A noble undertaking, some of our customers have gone in this direction. The upside is flexibility and lower (hardware) operating cost. The downside is higher investment and ongoing operation overhead.
Attribution providers (Mobile Measurement Platforms): Analytics and Attribution providers, such as AppFlyer and Tenjin, offer impression-level reporting as part of their offerings. They have also built out API integrations so that the data can be easily exported to a BI tool or other analytics aggregator.
Note: These solutions vary in cost but often make the most sense when using them for attribution of user acquisition campaigns.
Mobile Analytics Platforms: By nature analytics platforms are built to capture a set of unstructured – or custom—structured events. App developers fire the event to their platform of choice, then capture and store it alongside of their analytics data. This can be beneficial because a natural extension of user level revenue is to start comparing this information against other user events and attributes. Be warned: it can cause additional parsing and transforming complexity to get the data usable!
Note: For app developers that do not want to build out the infrastructure themselves and are not pursuing paid user acquisition, AdLibertas recommends Firebase as the best option for capturing impression-level data. Firebase also offers a very generous free tier; for many small and mid-size app developers they will be able to use Firebase without incurring cost.
AdLibertas Audience Reporting: Our customers have been struggling with the architecture and usability of the other solutions discussed so we’ve built a product suite to help them quickly and easily capture, store and use the impression-level data.

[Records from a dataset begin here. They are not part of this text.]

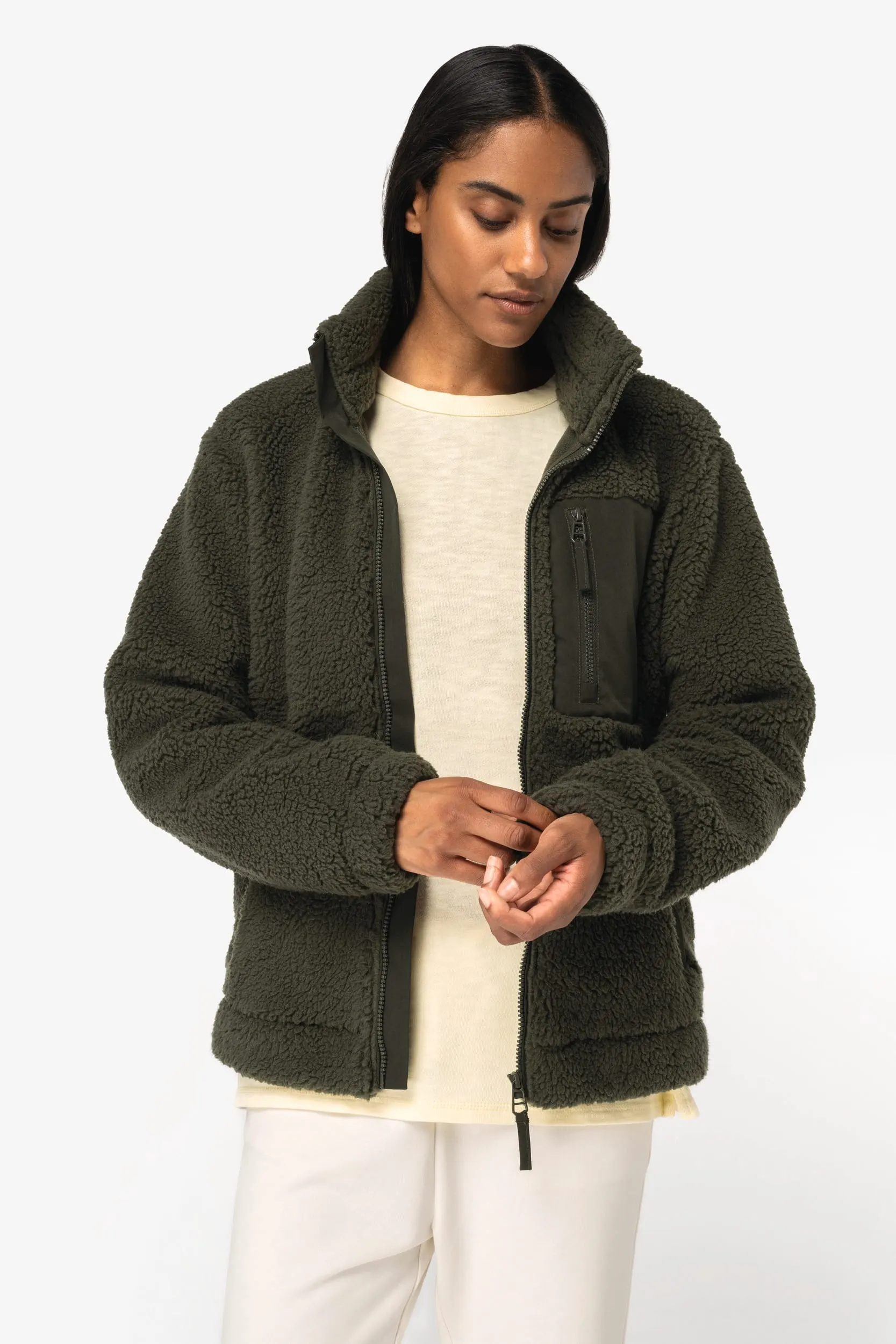 Chaqueta ecorresponsable de sherpa unisex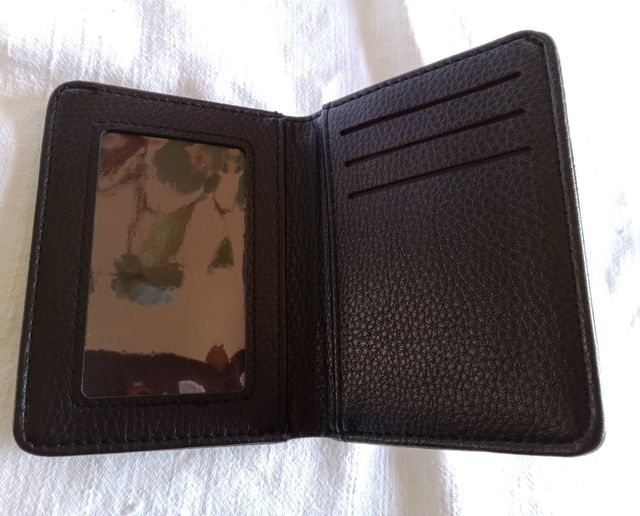 Portafoglio nero uomo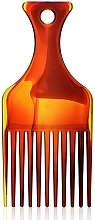 Fragrances, Perfumes, Cosmetics Hair Comb "Afro" S, 60274, amber - Top Choice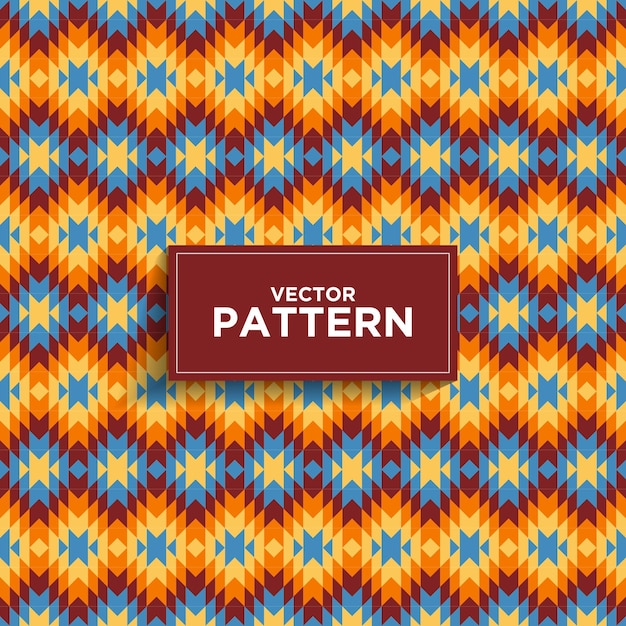 Free vector geometric traditional pattern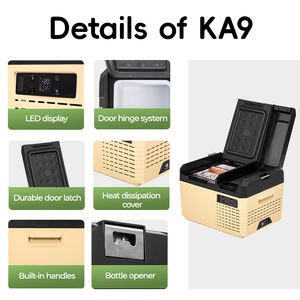 Réfrigérateur de voiture Alpicool KA9, compresseur électrique DC AC, <span class=keywords><strong>puissance</strong></span> 12 volts, glacière de voyage pour voiture, camping, réfrigérateur portable pour voiture - Product Image 3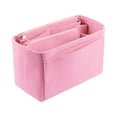 thumbnail image 1 of Qarigey Bolsa De Cosméticos Hecha Con Fieltro Resistente Y Duradero Regalos Pensativos Bien Organizados Bolsa De Cosméticos De Viaje Rosa M Type3 NO3, 1 of 6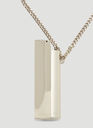 Lighter Case Necklace in Silver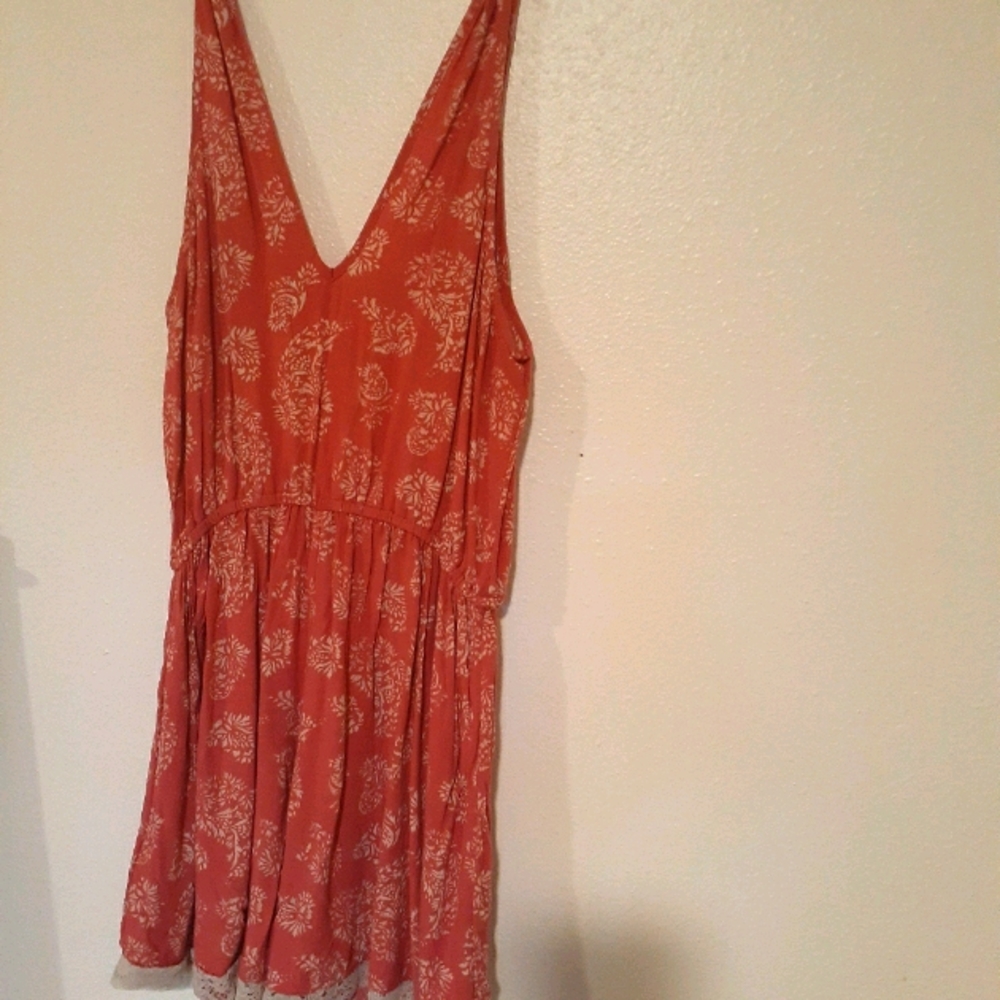 Spaghetti strap romper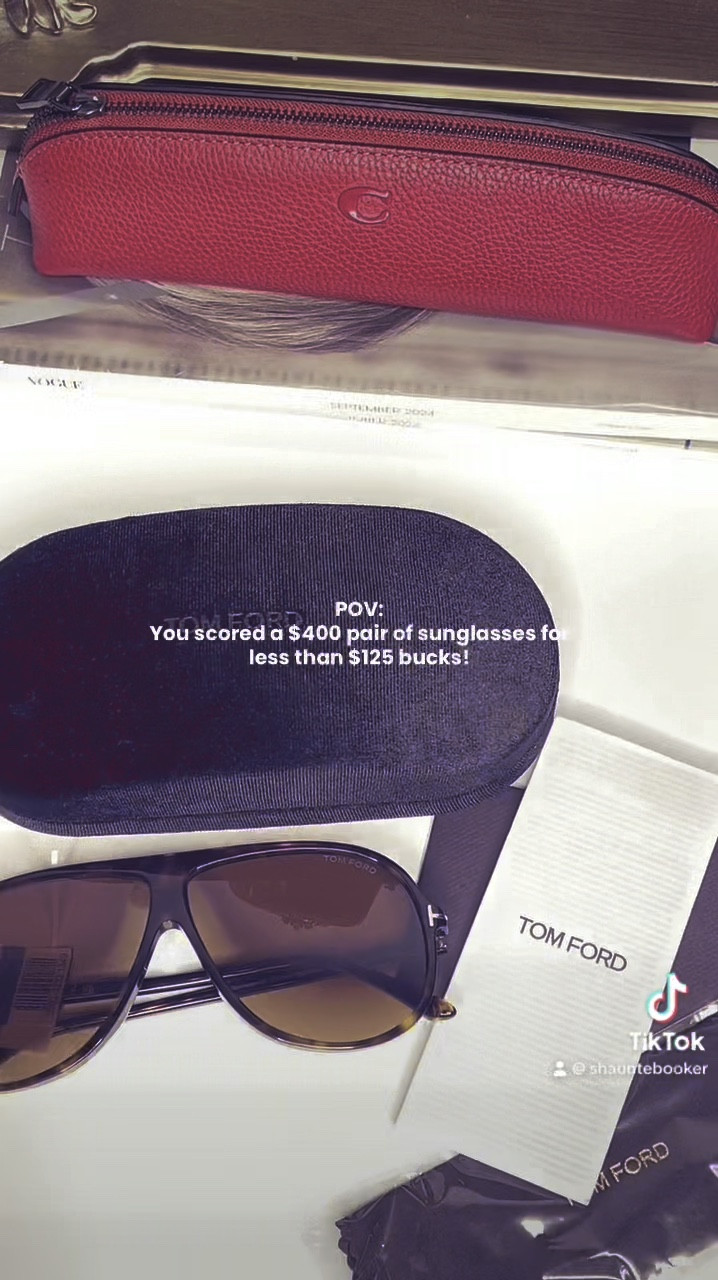 Scoring a pair of Tom Ford sunglasses for less than 200 bucks is a win any day of the week!
This pair is sold out but linked some other good ones!

#LTKSaleAlert #LTKGiftGuide #LTKVideo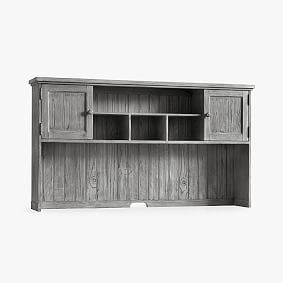 Beadboard Large Hutch, Smoked Charcoal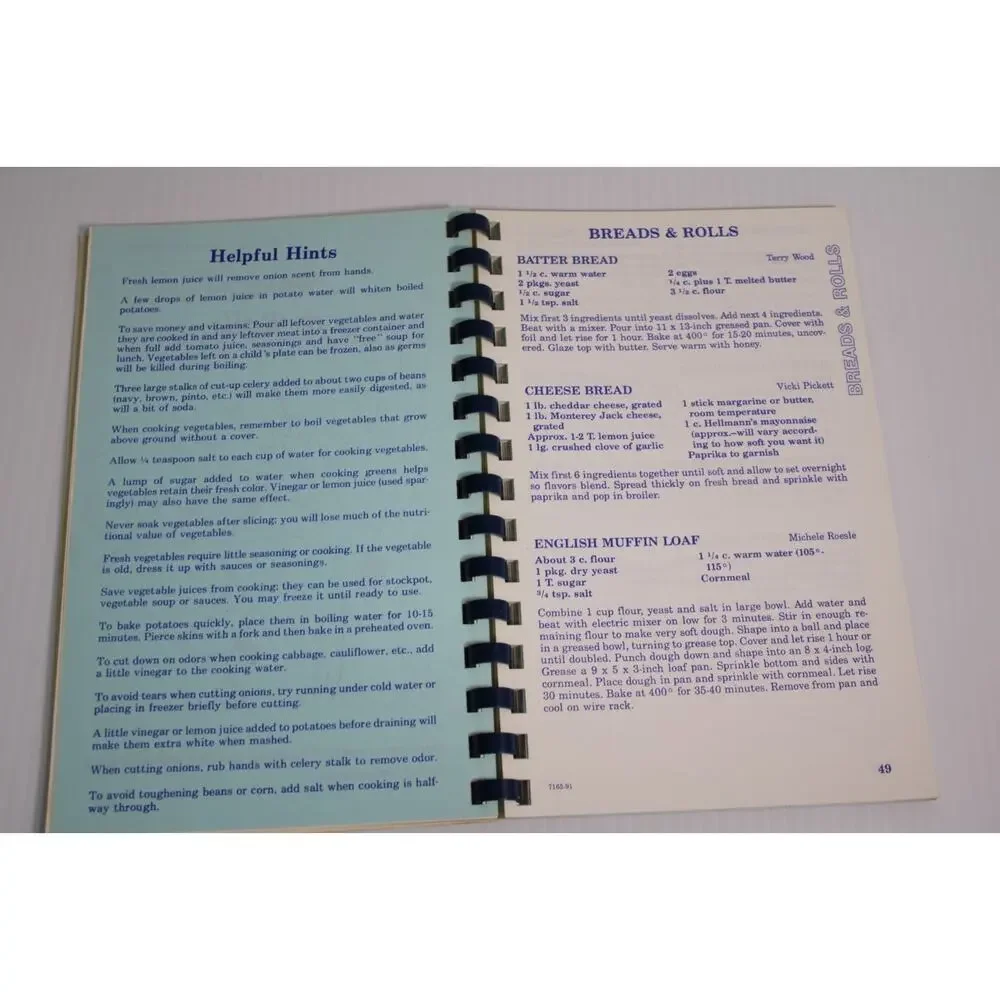 Vintage 1992 Prescriptions For the Pallet Collin County Texas Nursing Cookbook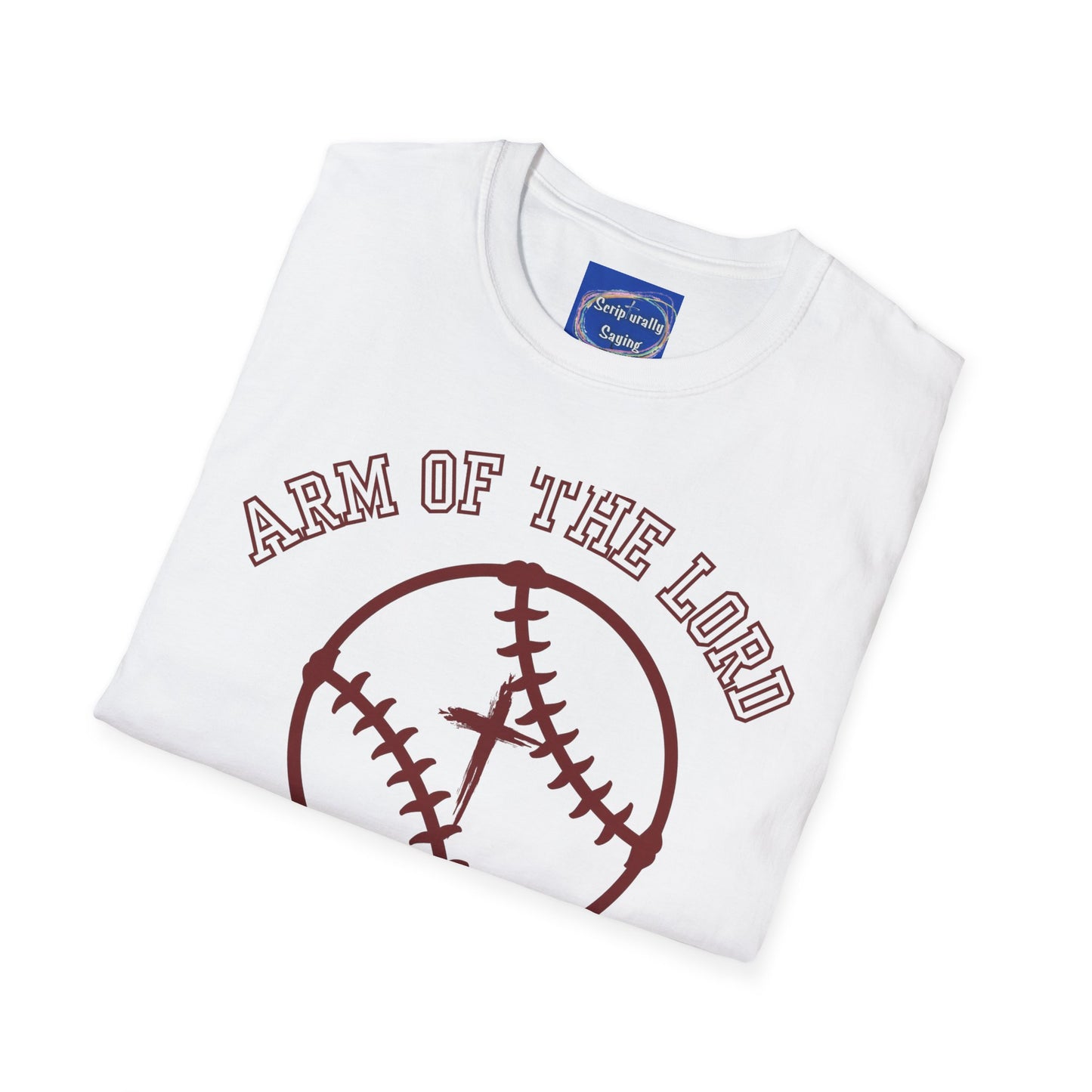 Baseball Faith T-Shirt, Sports Shirt, Christian Apparel, Youth Baseball Tee, Gift for Team Players, Ministry Merchandise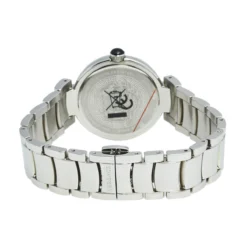 Versace Silver Stainless Steel Leda VNC030014 Women's Wristwatch 38 Mm For Women -Versace Official Website luxury women versace used watches p555896 003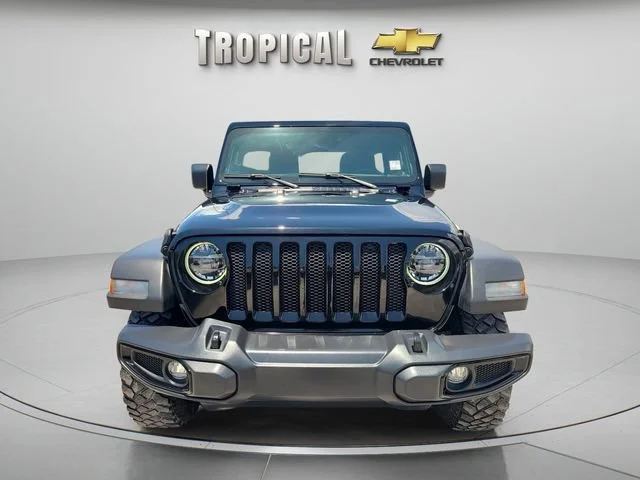 Used 2022 Black Jeep Unlimited Willys image 8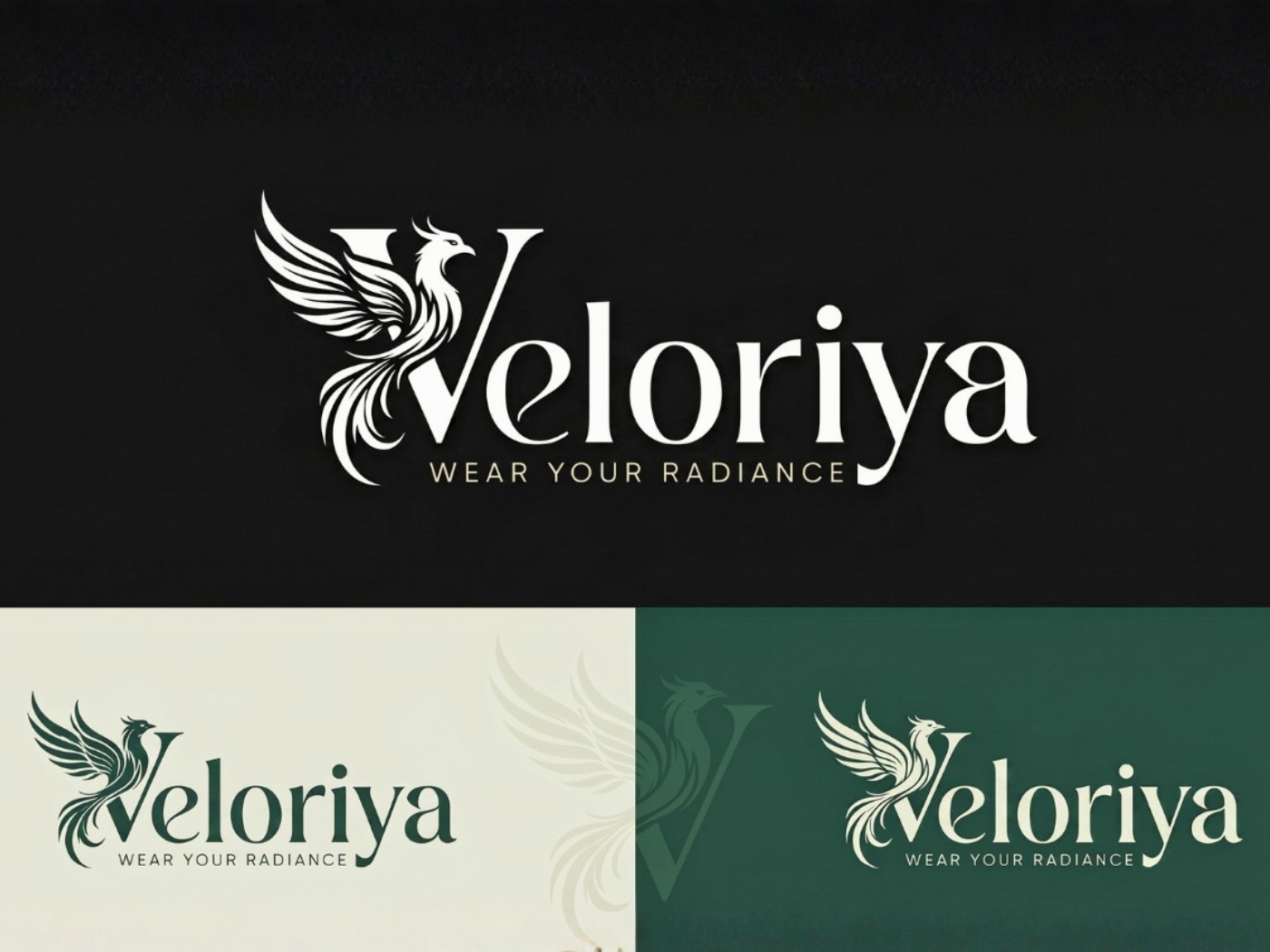 Veloriya logo design by Aarah Digital Studio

Notes: If you’re interested in easy, accurate access to your user-level revenue by event, action or chain of actions, check out our product page or see a demo by watching the video to the left.
User level ad revenue offers a new level of granularity for mobile app developers. This granularity opens new types of analysis that can be performed, such as understanding how ads are performing for a set of users. The increase in granularity comes with additional technical challenges for capturing and processing the data, but for app developers looking to take their analytics to the next level impression-level data is a must.